2018年8月29日水曜日

「積み重ね」の2学期~2学期始業式学校長の言葉~

2学期が始まります。皆さんは、平成最後の夏休み、心を磨く充実した時間にすることができたのでしょうか。

 
 先生は総体をはじめとした部活の大会の応援に、7月から8月上旬の1ヶ月半にわたって、どの部もそれぞれ少なくとも一度は行かせてもらいました。どの部活も手に汗かくような熱戦、そして心に響く素晴らしい演奏で、結果に関係なく本当にみんなきらきら輝いていて、応援していてとても感動しました。これは、みんなが毎日の練習を積み上げ、心、体、技術を磨いてきたからこそだと思います。
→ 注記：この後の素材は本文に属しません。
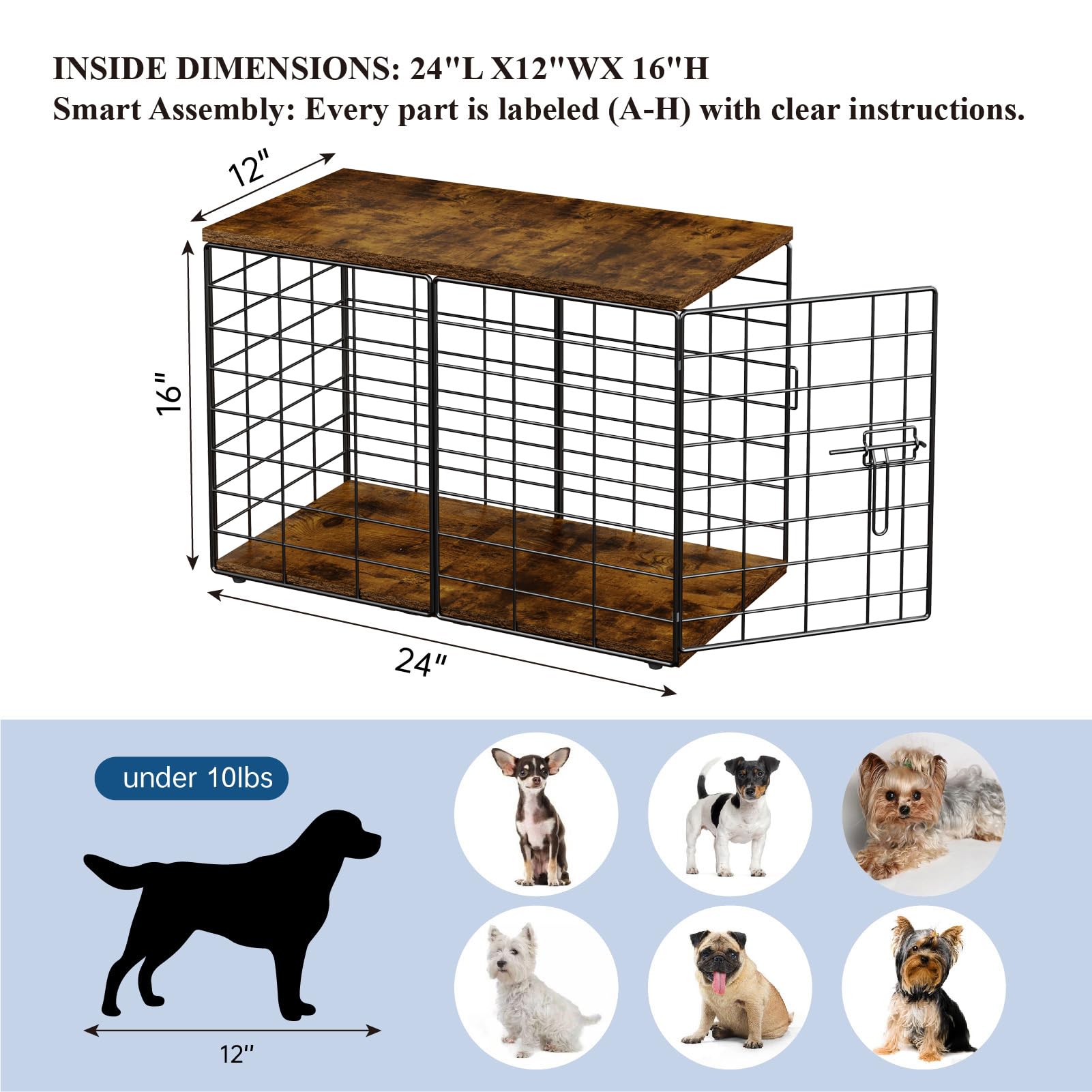 Rechgosh 24-inch dog crate storage top holds dog food and decor accessories.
おかげで先生は平成最後の夏を充実感で満たすことができました。ありがとうございます。

 人を感動させる力というのは、「積み重ねの力」だと考えます。例えば、すごい才能のある人が、いきなり良い成績を収めたとしても、周りの人は「すごい」とは思いますが、心の内側からわき出てくるような感動はしません。そこに至るまでの努力や苦労がわかるからこそ感動するのです。逆に言えば、そういうもの受け取る人もまた、いろいろ大変なことを経験したり努力を積み重ねてきたからこそ、共感や感動ができるともいえます。いわば「共感力」ともいえる力が、その人を魅力ある人間にしてくれるのだと思います。
 2学期は、そんな意味で、「積み重ね」の学期と言えると思います。いろいろな行事もあります。例えば合唱コンクール。クラスで気持ちを一つにして練習を積み重ねなければ、聞いている人を感動させるようなハーモニーにはなりません。みんなで練習してはじめて、足りないところ、合わないところ、もっと表情をつけた方が良いところなどが明らかになり、その積み重ねで少しずつ前進していくからこそ、聞いている人を感動させることが出来るのです。そしてまた一生懸命取り組んだ人ほどその苦労や大変さがわかるので、他のクラスの合唱を聴いて感動できる共感力がつき、魅力的な人となります。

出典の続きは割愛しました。